Welcome to The Haven…
…a place for quiet, empathetic, sensitive, introverted late-(self)diagnosed ADHD women to find self-acceptance and understanding, as well as calm and joyful freedom to be their unique, beautiful selves.
One of the first things I had to do when I started to learn about ADHD was get to grips with the jargon. There’s a lot of it.
I think it can be useful to give something a name because it shows that it’s a thing. It’s something lots of people experience, so many that it got its own name. But, when the jargon and terminology is used so much that it begins to feel like insider knowledge, like you need to be a member of a club to get what everyone’s talking about – that's not so helpful.

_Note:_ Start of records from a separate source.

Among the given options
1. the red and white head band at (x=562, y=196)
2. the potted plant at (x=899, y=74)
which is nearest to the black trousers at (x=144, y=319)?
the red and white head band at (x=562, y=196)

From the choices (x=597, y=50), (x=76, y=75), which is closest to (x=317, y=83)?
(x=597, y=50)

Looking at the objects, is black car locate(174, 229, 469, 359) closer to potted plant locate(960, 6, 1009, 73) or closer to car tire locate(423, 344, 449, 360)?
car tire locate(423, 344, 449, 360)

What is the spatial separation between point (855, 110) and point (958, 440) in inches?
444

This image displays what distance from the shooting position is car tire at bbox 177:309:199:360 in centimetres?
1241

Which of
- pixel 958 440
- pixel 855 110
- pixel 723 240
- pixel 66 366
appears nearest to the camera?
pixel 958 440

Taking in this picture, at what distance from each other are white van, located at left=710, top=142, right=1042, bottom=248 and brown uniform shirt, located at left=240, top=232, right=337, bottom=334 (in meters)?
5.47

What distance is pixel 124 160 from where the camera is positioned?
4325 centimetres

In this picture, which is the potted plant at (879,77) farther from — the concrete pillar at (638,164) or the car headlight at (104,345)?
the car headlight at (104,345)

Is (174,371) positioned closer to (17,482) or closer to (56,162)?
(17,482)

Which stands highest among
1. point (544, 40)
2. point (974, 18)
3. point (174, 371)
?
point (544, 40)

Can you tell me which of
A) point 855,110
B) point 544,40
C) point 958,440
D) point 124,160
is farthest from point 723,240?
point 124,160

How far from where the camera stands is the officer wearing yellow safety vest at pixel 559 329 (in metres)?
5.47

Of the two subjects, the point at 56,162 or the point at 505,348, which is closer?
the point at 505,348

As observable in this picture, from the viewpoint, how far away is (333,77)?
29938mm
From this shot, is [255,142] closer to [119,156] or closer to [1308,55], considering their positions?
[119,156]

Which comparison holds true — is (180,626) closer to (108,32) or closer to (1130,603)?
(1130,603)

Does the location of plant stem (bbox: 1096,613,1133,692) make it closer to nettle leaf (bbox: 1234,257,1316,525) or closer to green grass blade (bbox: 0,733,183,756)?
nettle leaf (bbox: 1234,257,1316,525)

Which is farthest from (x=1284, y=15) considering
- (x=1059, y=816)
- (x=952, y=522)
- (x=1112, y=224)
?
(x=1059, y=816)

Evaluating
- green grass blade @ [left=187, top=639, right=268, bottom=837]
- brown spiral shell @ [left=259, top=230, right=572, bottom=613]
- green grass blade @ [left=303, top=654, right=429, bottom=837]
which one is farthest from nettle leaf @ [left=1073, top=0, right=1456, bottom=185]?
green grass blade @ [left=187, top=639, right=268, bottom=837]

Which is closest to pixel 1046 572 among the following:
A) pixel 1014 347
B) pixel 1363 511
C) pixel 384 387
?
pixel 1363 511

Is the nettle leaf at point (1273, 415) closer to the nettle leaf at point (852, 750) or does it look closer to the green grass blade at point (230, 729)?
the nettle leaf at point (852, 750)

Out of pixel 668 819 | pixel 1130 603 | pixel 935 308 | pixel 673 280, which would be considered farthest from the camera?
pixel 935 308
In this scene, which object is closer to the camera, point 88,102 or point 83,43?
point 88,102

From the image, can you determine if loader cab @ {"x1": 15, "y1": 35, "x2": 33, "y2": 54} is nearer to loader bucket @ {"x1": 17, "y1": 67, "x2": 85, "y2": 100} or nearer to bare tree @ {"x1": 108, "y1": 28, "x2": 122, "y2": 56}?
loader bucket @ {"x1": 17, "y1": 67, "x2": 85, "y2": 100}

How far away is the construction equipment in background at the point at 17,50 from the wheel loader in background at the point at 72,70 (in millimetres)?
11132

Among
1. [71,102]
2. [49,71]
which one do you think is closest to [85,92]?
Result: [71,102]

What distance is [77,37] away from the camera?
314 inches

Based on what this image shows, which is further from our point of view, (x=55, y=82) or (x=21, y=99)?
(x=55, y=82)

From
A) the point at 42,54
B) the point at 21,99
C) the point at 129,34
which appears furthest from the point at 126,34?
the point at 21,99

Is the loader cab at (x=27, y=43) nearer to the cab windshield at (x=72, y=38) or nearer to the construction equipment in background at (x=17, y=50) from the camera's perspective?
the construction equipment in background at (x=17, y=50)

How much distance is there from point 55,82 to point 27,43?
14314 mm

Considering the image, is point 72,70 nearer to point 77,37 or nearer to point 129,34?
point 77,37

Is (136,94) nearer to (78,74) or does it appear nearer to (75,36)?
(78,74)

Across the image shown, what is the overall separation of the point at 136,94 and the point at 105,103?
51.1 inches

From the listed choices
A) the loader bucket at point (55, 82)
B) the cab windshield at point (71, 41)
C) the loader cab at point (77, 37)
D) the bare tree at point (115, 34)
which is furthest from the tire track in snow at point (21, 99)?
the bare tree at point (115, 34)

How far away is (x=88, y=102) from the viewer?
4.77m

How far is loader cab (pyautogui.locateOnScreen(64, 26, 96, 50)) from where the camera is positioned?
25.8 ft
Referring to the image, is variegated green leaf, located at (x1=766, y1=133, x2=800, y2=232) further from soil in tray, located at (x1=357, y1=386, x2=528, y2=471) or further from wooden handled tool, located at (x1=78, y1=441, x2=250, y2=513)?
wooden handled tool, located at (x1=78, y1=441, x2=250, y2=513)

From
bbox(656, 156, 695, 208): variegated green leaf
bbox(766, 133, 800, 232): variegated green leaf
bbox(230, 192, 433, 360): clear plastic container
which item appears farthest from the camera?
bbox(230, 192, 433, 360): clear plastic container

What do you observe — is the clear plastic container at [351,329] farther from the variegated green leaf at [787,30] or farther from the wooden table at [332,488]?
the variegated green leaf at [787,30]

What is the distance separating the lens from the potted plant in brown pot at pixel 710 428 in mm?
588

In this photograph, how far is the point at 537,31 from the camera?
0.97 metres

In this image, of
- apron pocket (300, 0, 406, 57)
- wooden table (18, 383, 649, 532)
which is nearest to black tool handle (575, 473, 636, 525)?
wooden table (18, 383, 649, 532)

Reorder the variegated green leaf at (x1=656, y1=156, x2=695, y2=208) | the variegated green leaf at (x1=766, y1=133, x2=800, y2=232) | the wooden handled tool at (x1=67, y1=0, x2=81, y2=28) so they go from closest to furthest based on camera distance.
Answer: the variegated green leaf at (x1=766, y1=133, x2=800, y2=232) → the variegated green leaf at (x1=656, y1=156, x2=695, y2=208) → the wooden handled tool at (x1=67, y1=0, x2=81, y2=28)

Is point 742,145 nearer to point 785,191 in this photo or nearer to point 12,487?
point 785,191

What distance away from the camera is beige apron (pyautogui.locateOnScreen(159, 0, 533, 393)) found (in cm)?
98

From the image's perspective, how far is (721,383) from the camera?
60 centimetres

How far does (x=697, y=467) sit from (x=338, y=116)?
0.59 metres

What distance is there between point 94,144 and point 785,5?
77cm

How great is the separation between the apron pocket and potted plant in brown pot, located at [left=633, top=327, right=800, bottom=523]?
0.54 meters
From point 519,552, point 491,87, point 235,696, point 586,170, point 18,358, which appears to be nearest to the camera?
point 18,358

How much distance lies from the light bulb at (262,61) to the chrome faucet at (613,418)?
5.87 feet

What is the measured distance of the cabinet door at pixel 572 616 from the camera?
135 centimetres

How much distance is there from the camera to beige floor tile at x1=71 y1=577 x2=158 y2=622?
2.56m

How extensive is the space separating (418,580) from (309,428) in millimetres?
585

So, I thought I’d share a bunch of ways that ADHD can show up in your life, without any jargon. (I was thinking of making an ADHD glossary to explain all the lingo, would that be useful? Let me know.)
This is not an exhaustive list by any stretch, you don’t need to tick every box to ‘qualify’ (ugh) as ADHD, and I’m not a clinician here to diagnose anyone, but a lot of this keeps coming up in my conversations with ADHD women, as well as in my own experience.
So, in no particular order…
24 ways ADHD may show up in your life
Your brain is super busy all the time, there’s no off switch. You have multiple thoughts running through your head simultaneously, plus there may be a tune or a song playing. At the same time you’re taking in external stimulation like the feel of your clothes or the breeze on your skin, smells, the emotional atmosphere as well as what you can see and hear. All this stimulus is layered up in your brain, running around it non-stop.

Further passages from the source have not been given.